:: Exercise materials

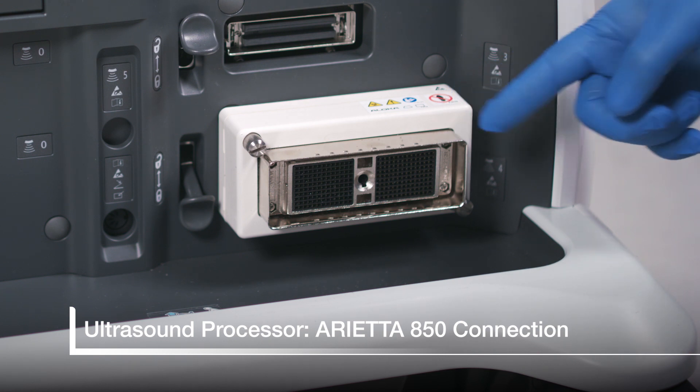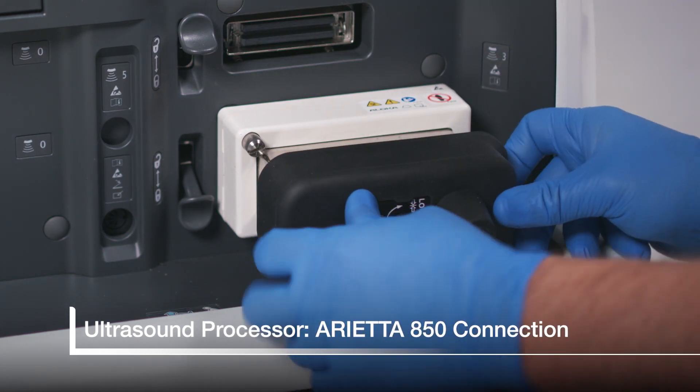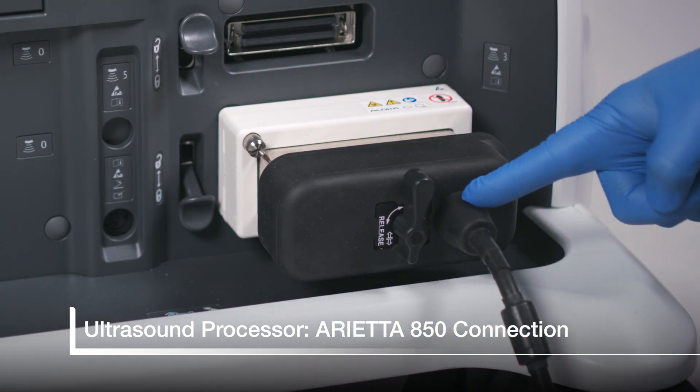The Arrieta 850 has a junction box to accommodate the current scopes. For the junction box connection, the cable will be to the right.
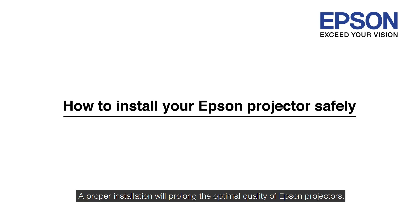A proper installation will prolong the optimal quality of Epson projectors. Please follow these safety instructions when setting up Epson projectors.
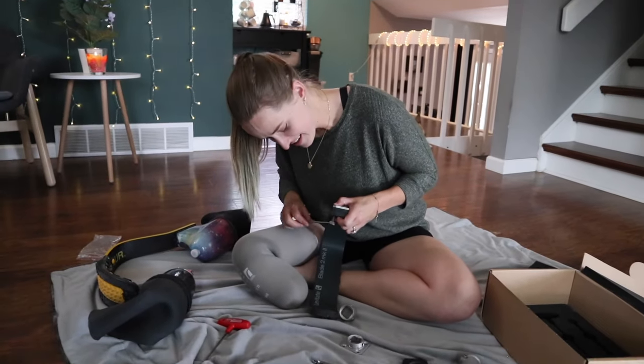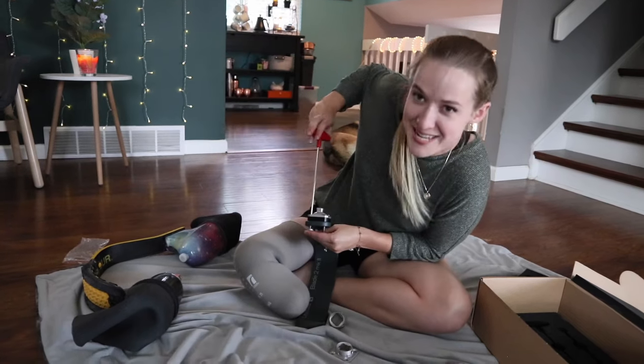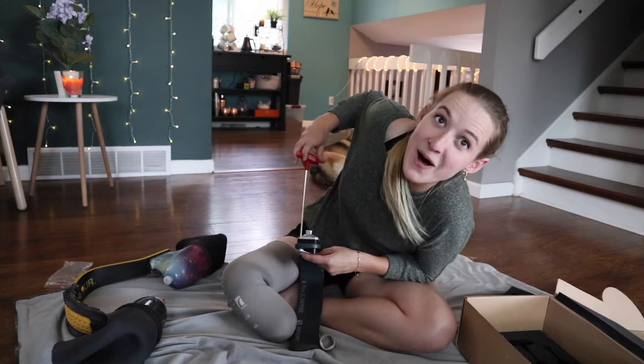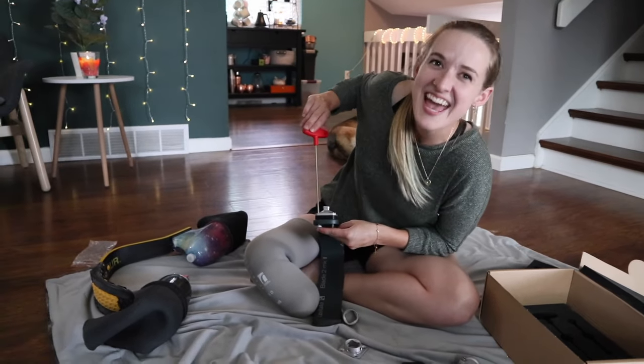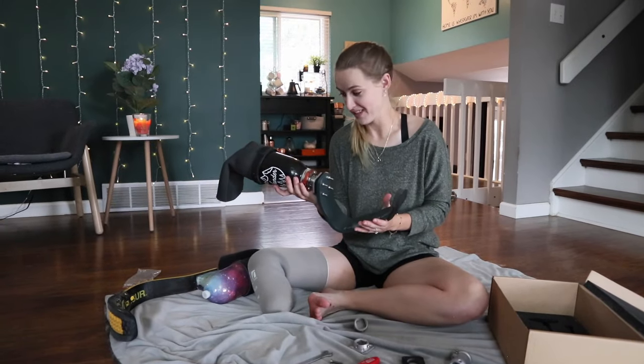The easiest way to do it is to hold that wrench steady and then use the allen wrench and twist the nut — any man lessons with Lori. Four years in the Army Corps of Engineers will do that. I think we have assembled it properly.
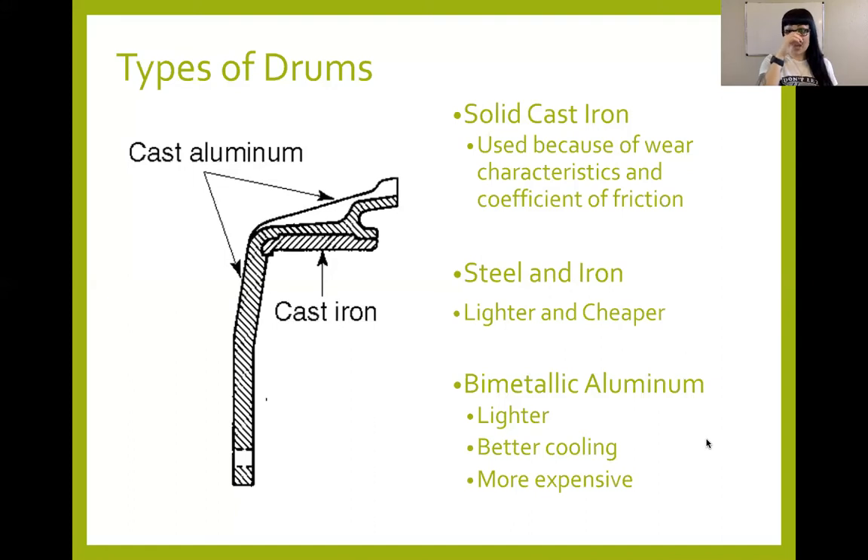Hey everybody, we're back for drum brakes video number two. We're going to go back to our screen share, and now we're on the different types of drums.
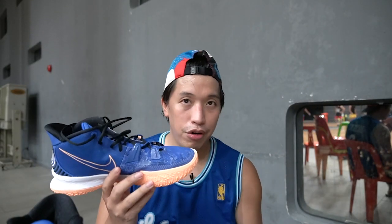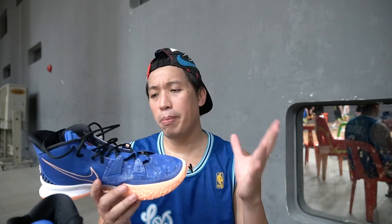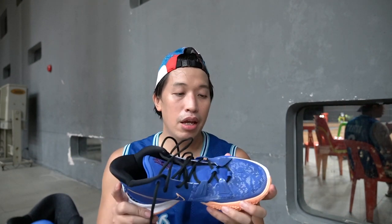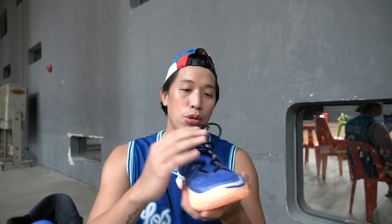For sizing, go true to size if you're a regular footer, half size up if you're a wide footer. If you have the Kairi 6 or Kairi 5, the same sizing applies to the Kairi 7. Overall, my first impression comparing it to the Kairi 6 and 5: the upper is a lot softer, less break-in time needed, more ventilation, and it's a lighter sneaker. The zoom turbo is really nice, traction is on point, the forefoot support really does its job, and the heel support is pretty toned down compared to the Kairi 6.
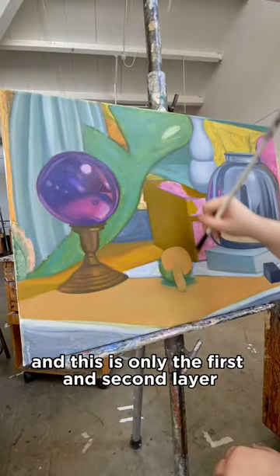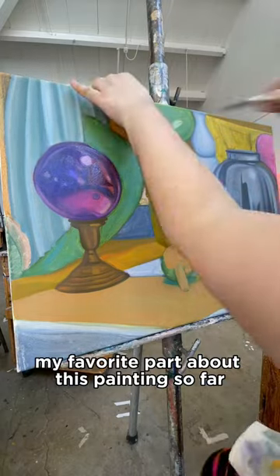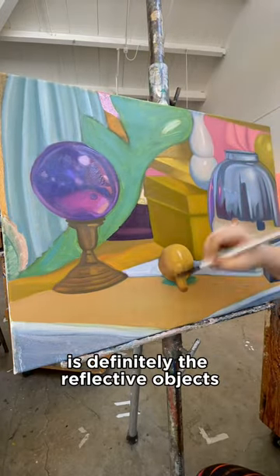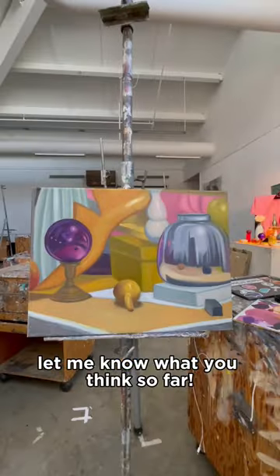I'm not really an oil painter and this is only the first and second layer, so please be nice when you're judging this. My favorite part about this painting so far is definitely the reflective objects — I think they're so much fun to paint and they turned out so cool. Let me know what you think so far.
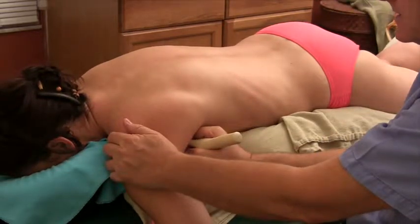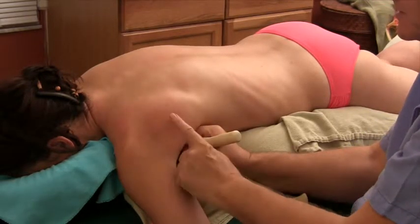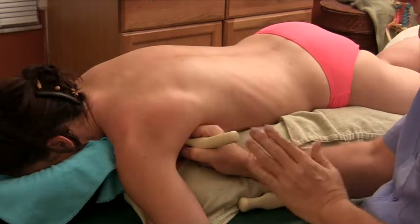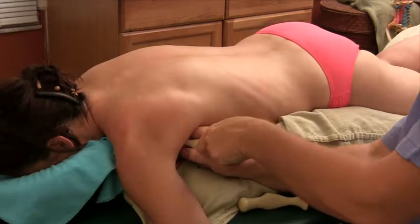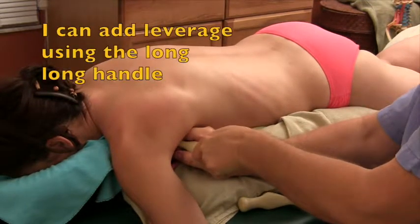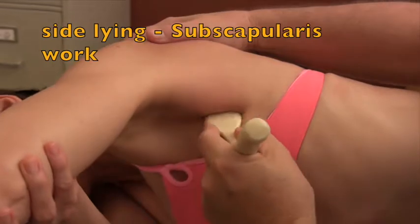So it is my intention to reach up inside here and then push posterior — in other words, directly towards the ceiling in this case, directly into that subscapularis. I've put a long handle on this tool so that I can actually use it as a bit of a fulcrum to push down on the handle, and that will apply more pressure in the subscapularis if the person needs.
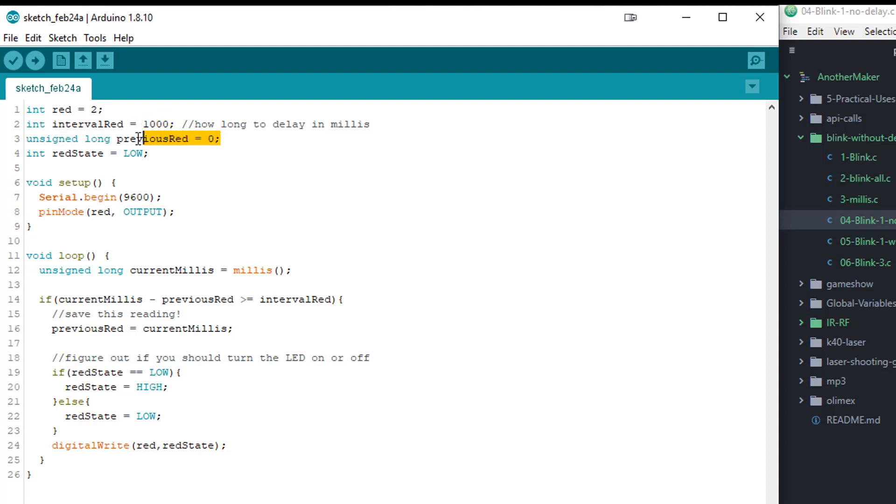The next thing — and this gets interesting — we are recording the last time the LED turned either on or off, referenced to how long the Arduino has been booted. So, for instance, it starts at 1000 milliseconds and turns on, at 2000 it turns off, at 3000 it turns on. We want to know the last time it made a change, and we start with the LED off.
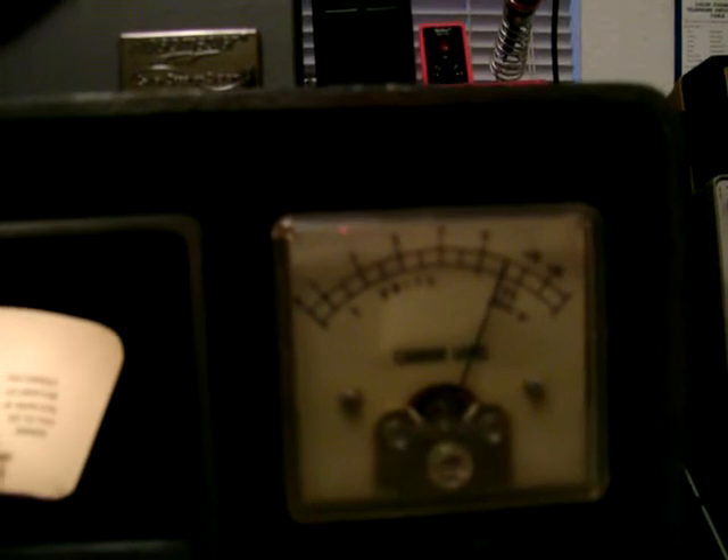Up here is the S-meter, or the carrier level meter. Basically it just indicates — or shows — the signal level that the station is being received at. Basically this one's in between S9 and 20 over, which is a fairly good, strong signal from China Radio International.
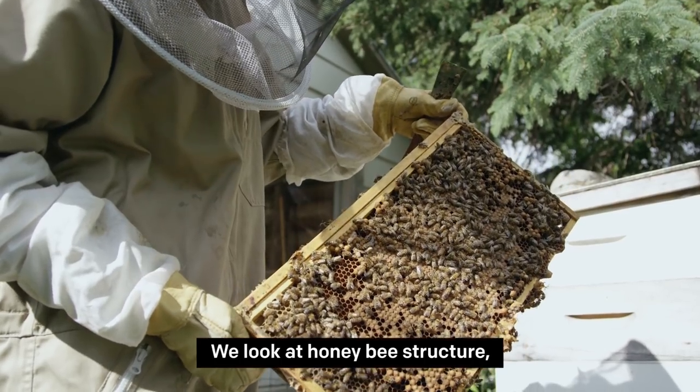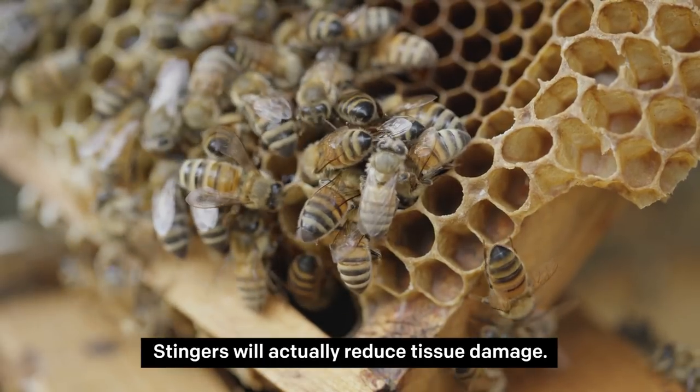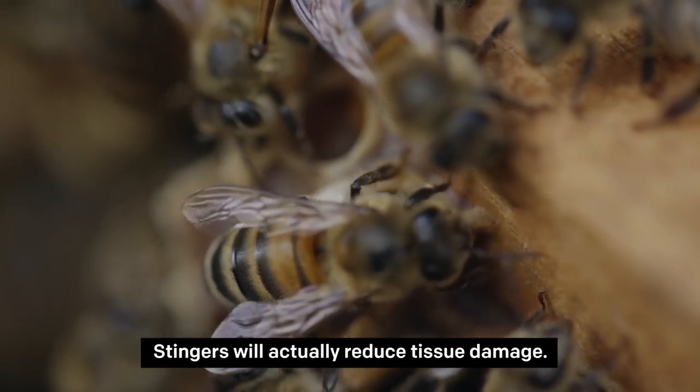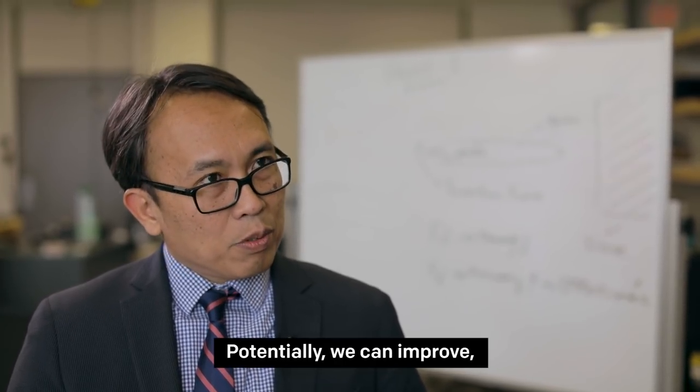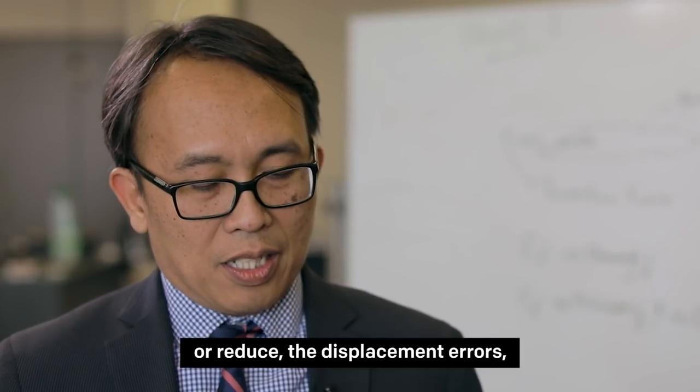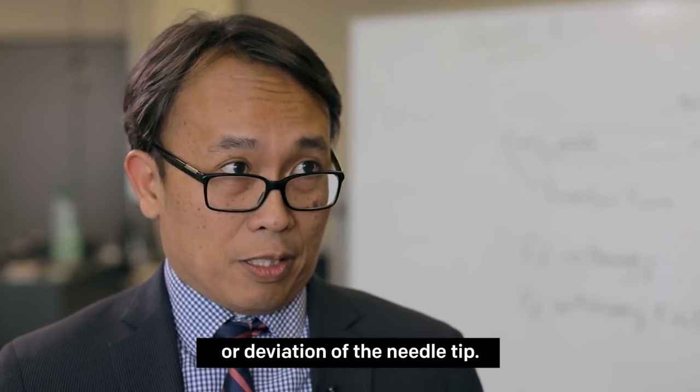We looked at honeybee stingers and other insects. Stingers actually reduce tissue damage. By implementing that kind of structure, potentially we can reduce the displacement errors or deviation of the needle tip.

::::

__Work request__
Start at the top of the entries and repeat each line exactly, ending at the line that contains "Hey everybody, we're". Pictures are not part of the copy.

__Written answer__
The Arrieta 850 has a junction box to accommodate the current scopes. For the junction box connection, the cable will be to the right.
A proper installation will prolong the optimal quality of Epson projectors. Please follow these safety instructions when setting up Epson projectors.
The easiest way to do it is to hold that wrench steady and then use the allen wrench and twist the nut — any man lessons with Lori. Four years in the Army Corps of Engineers will do that. I think we have assembled it properly.
Hey everybody, we're back for drum brakes video number two. We're going to go back to our screen share, and now we're on the different types of drums.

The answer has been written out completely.